[Aim of the exercise] The answer is the data repeated in full, with no pictures included.

[Data block]
★ ★ ★ ★ ★ ★ ★

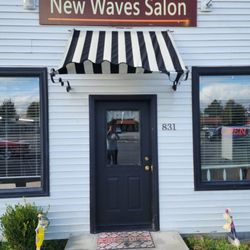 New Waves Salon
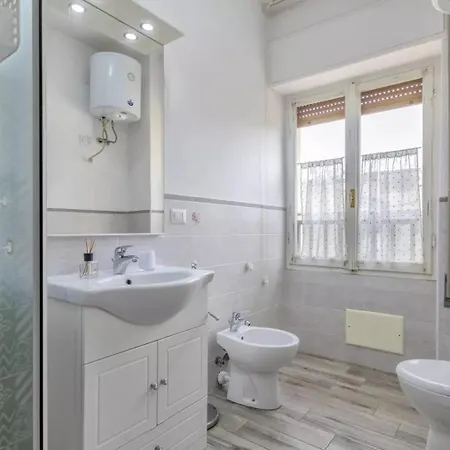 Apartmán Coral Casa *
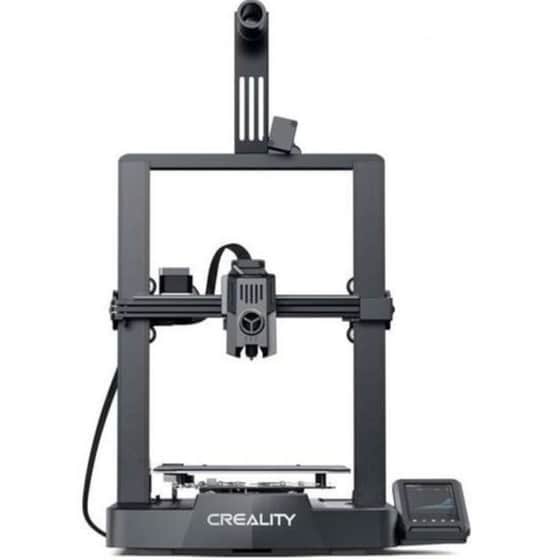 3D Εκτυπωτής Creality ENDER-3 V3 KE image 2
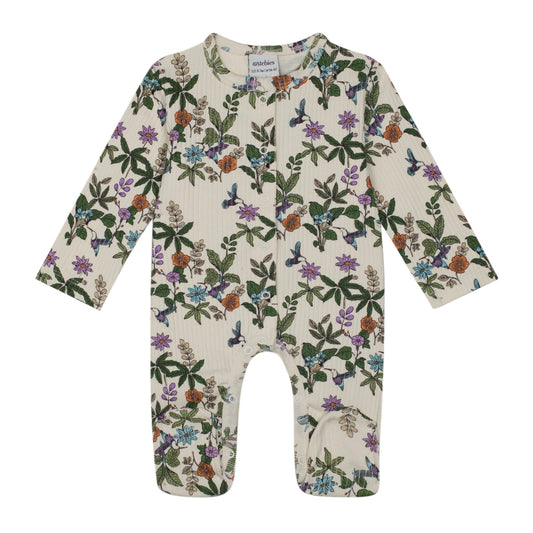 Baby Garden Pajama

★ ★ ★ ★ ★ ★ ★

[Result for this exercise]
 New Waves Salon
 Apartmán Coral Casa *
 3D Εκτυπωτής Creality ENDER-3 V3 KE image 2
 Baby Garden Pajama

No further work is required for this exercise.